[Problem requirements]: When you reach the line below that has "LB, BBQ Spit", start returning lines exactly, and stop after the line that has "Lightning Sprint Chassis"; skip the pictures.

-- Information provided follows --

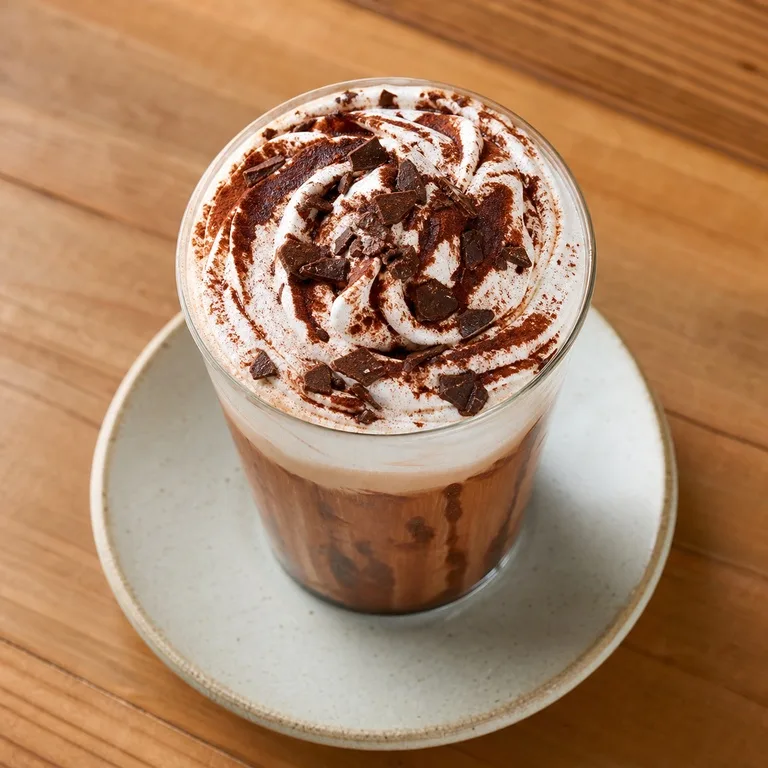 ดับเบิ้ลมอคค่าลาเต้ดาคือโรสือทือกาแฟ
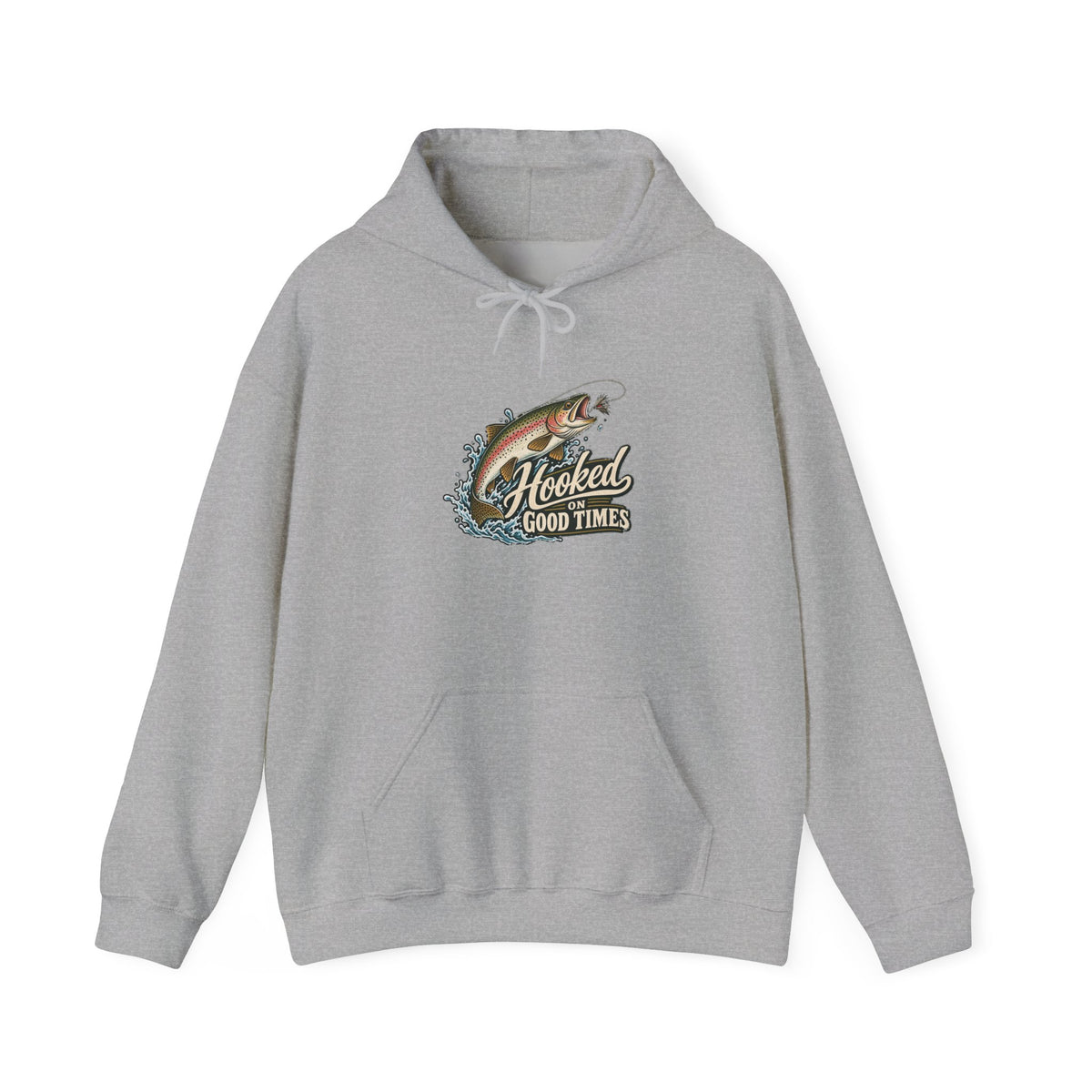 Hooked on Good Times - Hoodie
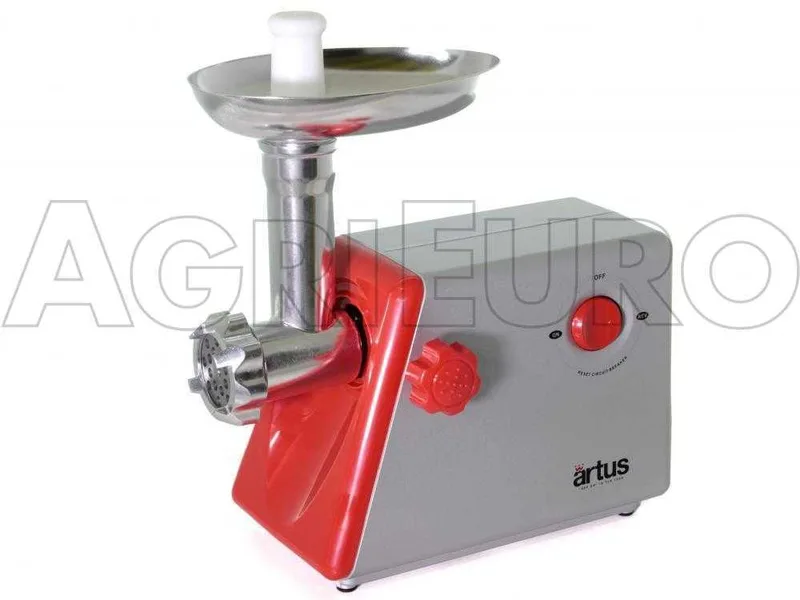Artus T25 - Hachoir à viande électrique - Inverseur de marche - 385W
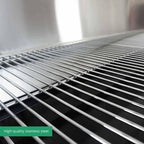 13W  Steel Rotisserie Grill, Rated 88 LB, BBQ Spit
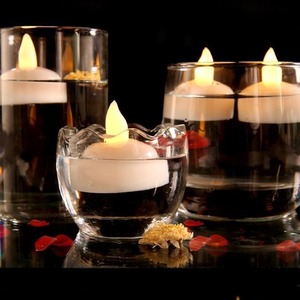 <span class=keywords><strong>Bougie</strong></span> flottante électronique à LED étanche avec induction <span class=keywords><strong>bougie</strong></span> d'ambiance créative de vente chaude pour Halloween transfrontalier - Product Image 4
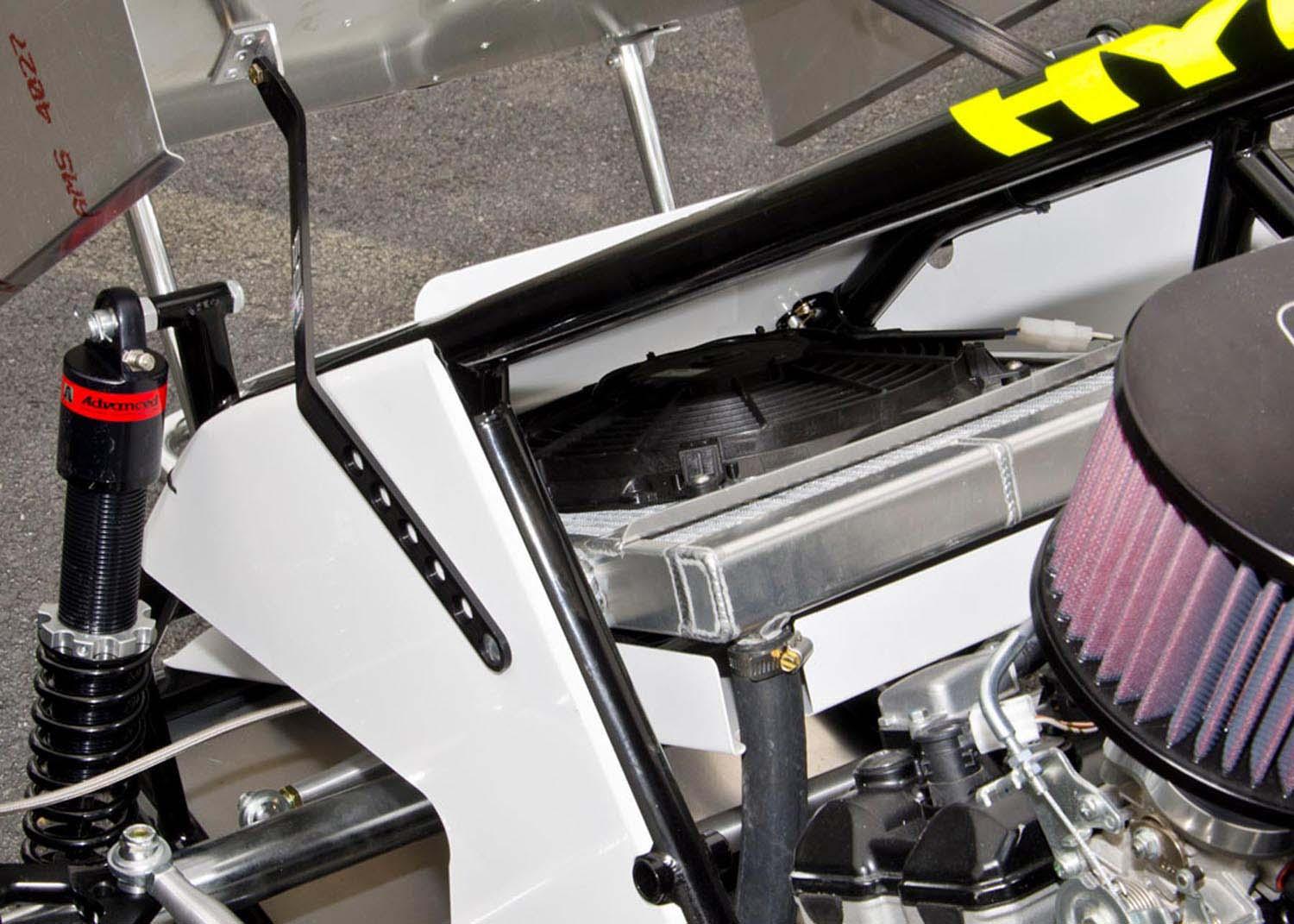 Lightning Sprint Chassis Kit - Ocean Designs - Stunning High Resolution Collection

-- Information provided concluded --
-- Information provided follows --

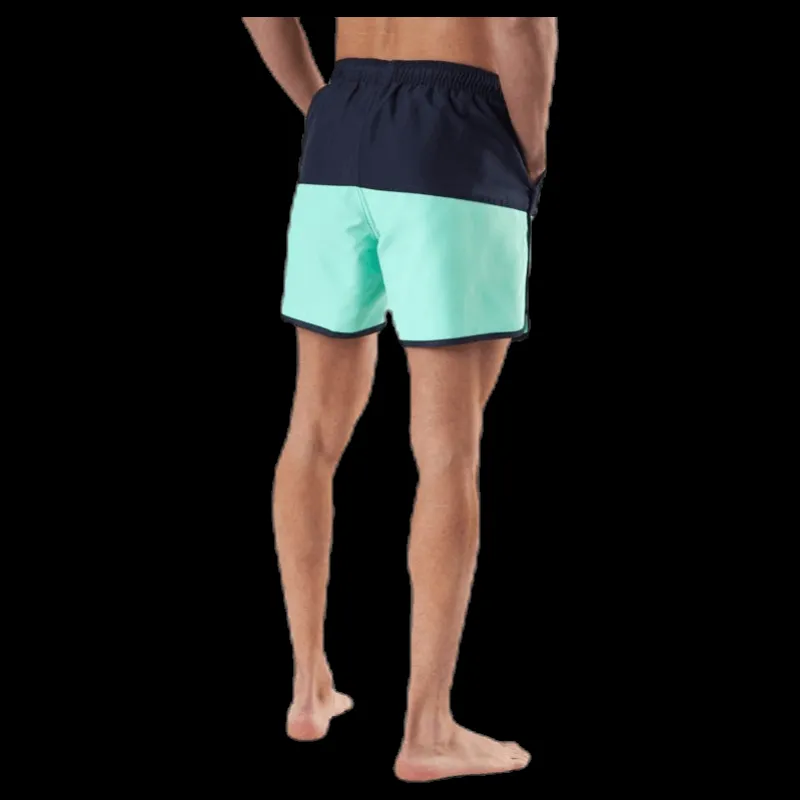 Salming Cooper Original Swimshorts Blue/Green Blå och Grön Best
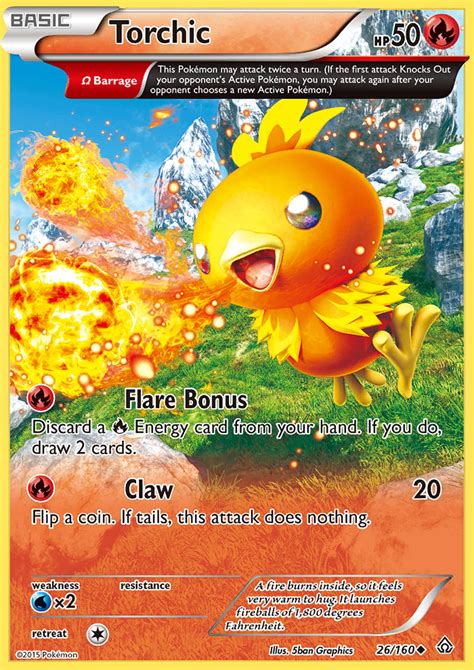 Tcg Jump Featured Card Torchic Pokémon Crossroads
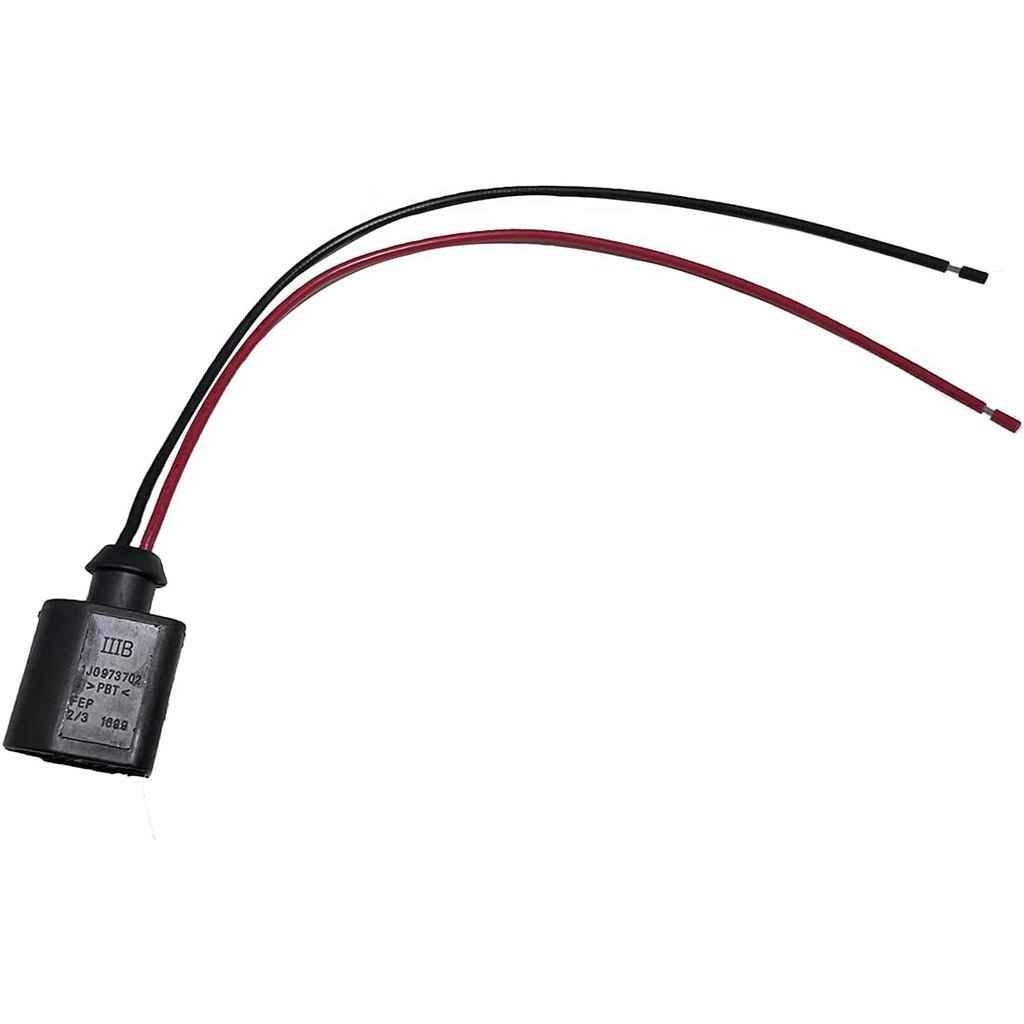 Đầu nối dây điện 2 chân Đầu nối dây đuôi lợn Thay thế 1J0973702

-- Information provided concluded --
-- Information provided follows --

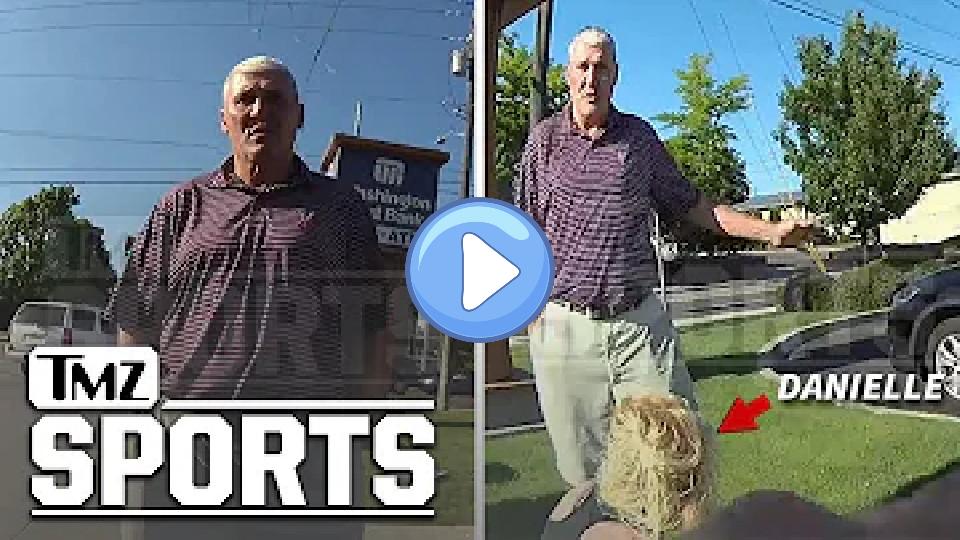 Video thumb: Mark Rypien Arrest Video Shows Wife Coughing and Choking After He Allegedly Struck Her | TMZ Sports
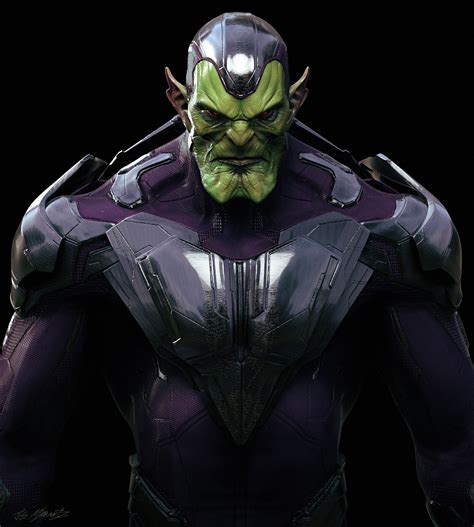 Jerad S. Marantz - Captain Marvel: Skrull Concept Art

-- Information provided concluded --

[Response to this task]:
 13W  Steel Rotisserie Grill, Rated 88 LB, BBQ Spit
 <span class=keywords><strong>Bougie</strong></span> flottante électronique à LED étanche avec induction <span class=keywords><strong>bougie</strong></span> d'ambiance créative de vente chaude pour Halloween transfrontalier - Product Image 4
 Lightning Sprint Chassis Kit - Ocean Designs - Stunning High Resolution Collection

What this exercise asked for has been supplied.